Friday, October 10, 2008

McCain's Economic argument

Jay Cost at Real Clear Politics does not get it:

If you peruse the conservative blogs or listen to talk radio - you can almost feel their anger. There's plenty of blame to go around, they argue. And of course they're right - both parties are to blame - but it doesn't matter.

The average voter doesn't understand the intricacies of economic policy. Heck, when you think about it, nobody really understands the economy. So, voters often rely on simple yet sensible metrics to make political decisions about the economy. One of them has been more or less operative since the election of 1840: if the economy tanks during a Republican administration, vote Democrat. If it tanks during a Democratic administration, vote Republican. Applying this rule to 2008, we get the following. McCain, because he is of the incumbent party, gets the political harm. Obama, because he is of the out party, gets the political benefit. That's all there is to it.

That is not all there is to it. At the beginning of the crisis, Obama's response to the crisis was it is Bush/Republican's fault. McCain's response was let us not blame anyone and hope this subject goes away.

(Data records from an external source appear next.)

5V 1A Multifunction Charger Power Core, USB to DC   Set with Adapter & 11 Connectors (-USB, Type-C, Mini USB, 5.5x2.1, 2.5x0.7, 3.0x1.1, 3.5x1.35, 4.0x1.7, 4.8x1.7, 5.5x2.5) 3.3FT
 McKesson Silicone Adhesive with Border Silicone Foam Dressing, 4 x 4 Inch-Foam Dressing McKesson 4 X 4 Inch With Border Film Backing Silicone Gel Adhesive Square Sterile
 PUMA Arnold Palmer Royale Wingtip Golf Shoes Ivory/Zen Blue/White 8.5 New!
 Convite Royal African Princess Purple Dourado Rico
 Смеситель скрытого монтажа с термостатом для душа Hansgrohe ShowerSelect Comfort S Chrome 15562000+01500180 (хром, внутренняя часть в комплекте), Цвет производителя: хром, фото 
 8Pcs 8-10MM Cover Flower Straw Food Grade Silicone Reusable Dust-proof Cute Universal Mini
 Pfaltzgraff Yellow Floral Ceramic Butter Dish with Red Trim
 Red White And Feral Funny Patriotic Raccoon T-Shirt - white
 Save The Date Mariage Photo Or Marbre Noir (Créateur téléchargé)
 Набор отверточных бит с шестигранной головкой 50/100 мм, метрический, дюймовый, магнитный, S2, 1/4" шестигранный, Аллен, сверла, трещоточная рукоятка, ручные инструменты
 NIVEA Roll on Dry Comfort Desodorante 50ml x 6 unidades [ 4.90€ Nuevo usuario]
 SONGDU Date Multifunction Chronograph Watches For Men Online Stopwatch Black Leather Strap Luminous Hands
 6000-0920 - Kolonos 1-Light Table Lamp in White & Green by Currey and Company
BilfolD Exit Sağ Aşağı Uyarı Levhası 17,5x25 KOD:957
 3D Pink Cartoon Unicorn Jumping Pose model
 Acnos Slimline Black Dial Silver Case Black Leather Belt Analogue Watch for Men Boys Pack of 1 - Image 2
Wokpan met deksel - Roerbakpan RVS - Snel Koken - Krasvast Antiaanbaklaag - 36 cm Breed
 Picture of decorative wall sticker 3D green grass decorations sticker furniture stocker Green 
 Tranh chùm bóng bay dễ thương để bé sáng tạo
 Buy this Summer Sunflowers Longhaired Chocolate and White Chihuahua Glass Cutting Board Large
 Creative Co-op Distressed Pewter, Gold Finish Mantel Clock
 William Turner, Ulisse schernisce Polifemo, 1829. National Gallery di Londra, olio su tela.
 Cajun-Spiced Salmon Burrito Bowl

When voters hear those two responses, is it any surprise that the issue played to Obama's benefit?

It is true that McCain has started to go on attack on the issue, but he has done it very poorly, and he still has not made the argument that if you think it is bad now, wait till the Democrats are given complete and total political control, it will only get worse. McCain has an economic argument that will turn this financial crisis to his favor, but he has failed to make it so far.

Incidentally, the people who run the McCain campaign and the Obama campaign have almost certainly study the same history that Jay Cost have, and they have probably all learned the same wrong lesson (i.e., nothing that can be done, so find other areas to engage). Consequently, if history ends up repeating itself, the lesson ends up appearing to be true because no attempted to overcome it.

Finally, if Jay Cost is right, the race is over, and there is nothing that McCain can do to change it fortunes, so if they attack Obama on the Economics issue, they really have not lost anything but the time and effort that they invested. Whereas, if I am right, and they take Jay Cost's advice, they have lost their best chance at winning the election. Simple logic dictates that the McCain campaign should be attacking as hard as it can on the economics issue.